The big flaw I see with OrthogonalPersistence is the data corruption aspect. Programmers are usually much more careful in making sure the data written to files is valid; the extra serialization step gives them another chance to check their work. [It also gives them another chance to muck it up.]

There are two aspects to this: corruption introduced by hardware failures, or software failures. The hardware issue is easy to fix, by using redundant disks, and needs to be fixed anyway, regardless of how data is stored (not least for security reasons). The software issue can be solved by using safe languages.
An "extra step" is still needed in an orthogonally persistent OS. However, it is not a serialization step; it is a conversion of the data to a documented format that can be transferred between software systems (including between versions of the same system), as opposed to an internal format designed for processing efficiency. Unlike a file format, this can directly be a tree or a graph, as opposed to a serialization of one, and can include references (capabilities in the case of an ObjectCapabilityOperatingSystem).

Look how often we have to reboot our computers because of a bad pointer - now imagine if we had to wipe the HD for that too.

Advocates of orthogonal persistence generally also advocate use of safe languages (i.e. languages without undefined behaviour).
Even if there were a bug in the OS or language implementation, it's unlikely that any corruption would affect more than one arena/space bank. So data corruption shouldn't be as much of a problem as with current C-based OS's. Versioning and snapshotting of previous states are also easier to support in an orthogonally persistent system.

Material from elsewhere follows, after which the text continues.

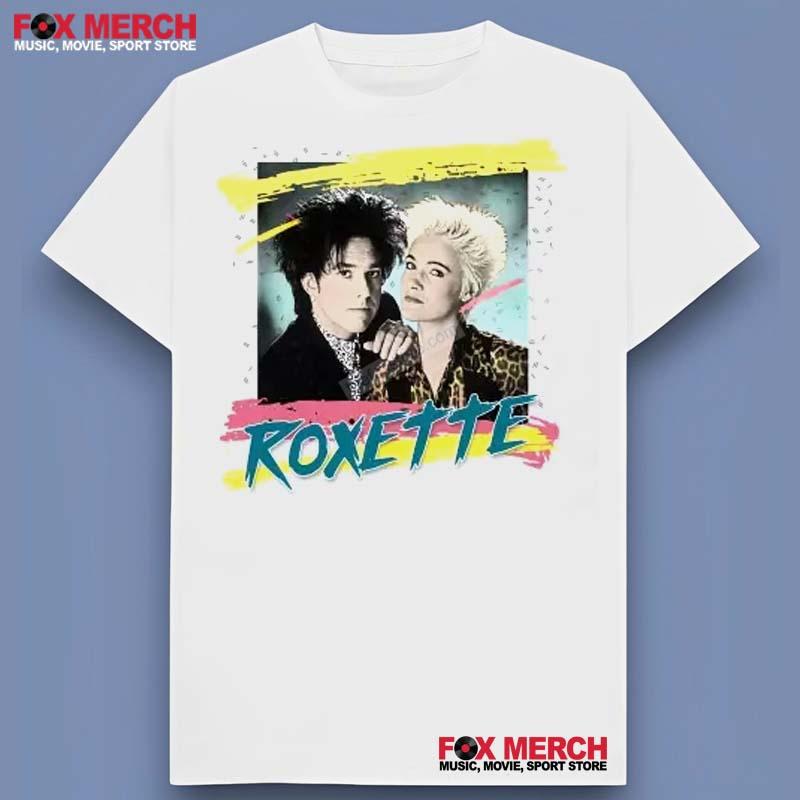 Roxette Music Band Shirt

-- JonathanTang, DavidSarahHopwood and others

File systems are here to stay

The problem is not the tool but the operator. File systems work just fine if you know how to organize your system. Moreover a wiki working locally could work wonders for your file organization. Give it a try and you'll see that a file system is not at all a bad idea when the user knows what he is doing.

Heck! File systems have been around since the beginning of computing (1943) and I fail to see how they could ever be replaced! Files and sub-directories have become the units in all operating systems. They come naturally in our frames of mind. The same way we have the paradigm building/rooms, countries/cities we have sub-directories/files. The concept of files is just intuitive and natural.

Those who grew up with GoogleSearches might disagree. The description of stuff you are looking for is often semantic ("Where's my green bag? It's got my keys in it!") rather than hierarchical ("Hmmm... I thought I left it in the bathroom. Or was it the bathroom in the hotel...?"). Bookmarks and file system shortcuts could be seen as saved queries. The major OS players are integrating relational databases into their future products. Windows is getting WinFS, and Apple just announced SpotLight?, indexing technology from BeOs combined with smart filters for automatically indexing the content of files. This is also partly the motivation behind DocumentCentric? research, where each application finds its own documents. This is not to say that container relationships don't have value for persistant data. Just that it shouldn't be the only or even the primary relationship.

RichardKulisz's OS design, BlueAbyss, satisfies all the OperatingSystemsDesignPrinciples, and #9 of those is OrthogonalPersistence. That means ditching the FileSystem. -- JonathanTang

Are you sure? I read OrthogonalPersistence and it seems Richard is proposing an automatic save of files at the end of each session but he never mentions ditching the file system per se.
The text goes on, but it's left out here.